EU 'disappointment' over UN proposals
The EU is disappointed with a draft blueprint on UN reform tabled at world summit in New York on Wednesday.
The European Commission is concerned that action on human rights, the environment and UN management reform do not go far enough.
“The outcome we seem to be moving towards will not include everything we in Europe hoped for,” EU Commissioner for External Relations, Benita Ferrero-Waldner said.
“But it is a long way from the disaster that some commentators predicted.”
The EU has called for an overhaul of the present UN Human Rights Commission which it says is, “no longer up to its job.”
Appealing for “root and branch reform”, Ferrero-Waldner claimed a draft ‘outcome’ document of merely paying lip service to human rights reorganisation.
“I have to confess to a little disappointment that we seem to be heading for a simple name change for the Human Rights Commission,” she said.
“We have argued that the new Human Rights Council should have a higher status in the organisation than the existing body.”
The EU has called for the mainstreaming of human rights in the whole UN system, suggesting that candidates for the new council should have to demonstrate that they carry out their own human rights obligation.
“I fear that too much discussion on this issue has been put off for another day: but we will continue to put the case for a really robust new body to be created as soon as possible,” Ferrero-Waldner added.
The EU has questioned whether the UN Secretary General has been given adequate tools to improve the internal administrative mechanisms.
“He needs to be given not only the responsibilities of a chief executive, but the authority of a chief executive to tackle problems when they arise,” said Ferreo-Waldner.
Brussels has responded optimistically to proposals for recognition of the international community's responsibility to protect civilian populations from genocide, war crimes, ethnic cleansing and crimes against humanity.
“This new step is an important reinforcement of the UN's role, and an acknowledgement that in a peaceful modern world, we have not only to protect borders, but people,” Ferrero-Waldner said.
“No reform is ever the end of the road.
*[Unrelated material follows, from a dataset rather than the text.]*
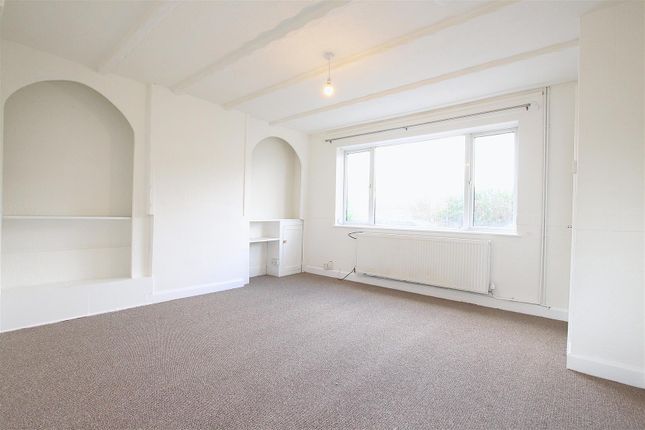39, Whiston Road, Northampton photo 2
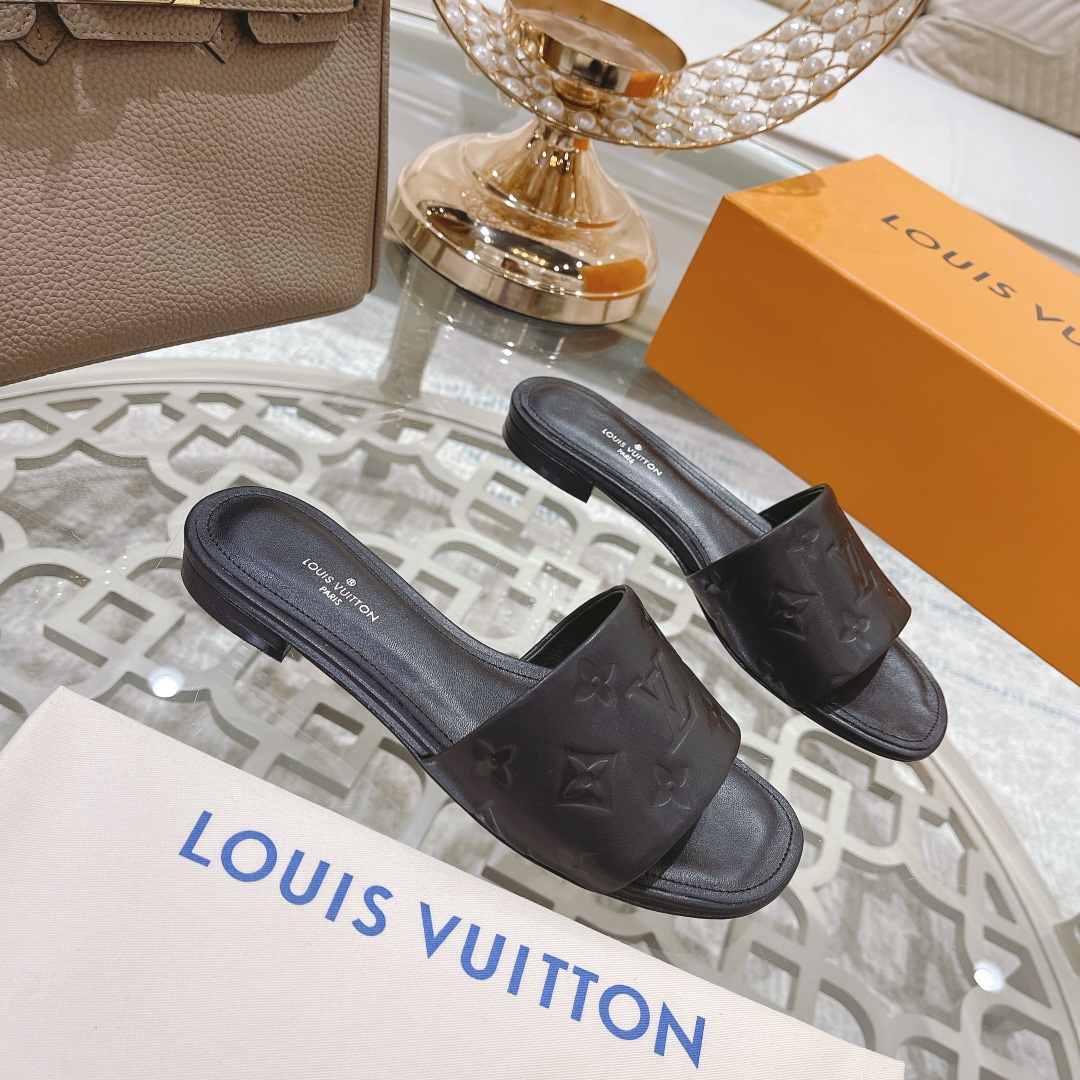 Louis Vuitton Revival Flat Mule     1A9P3T - DesignerGu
This summit is a step on the way in the UN's continuous development. We will need to take further steps. But this summit has brought some progress.”
But with UN chief Kofi Annan's aides gloomily predicting the failure of a raft of issues, the secretary general warned all 191 member states against procrastinating.
“We have reached a fork in the road,” he said.
“If you, the political leaders of the world's nations, cannot reach agreement on the way forward, history will take the decisions for you, and the interests of your peoples may go by default."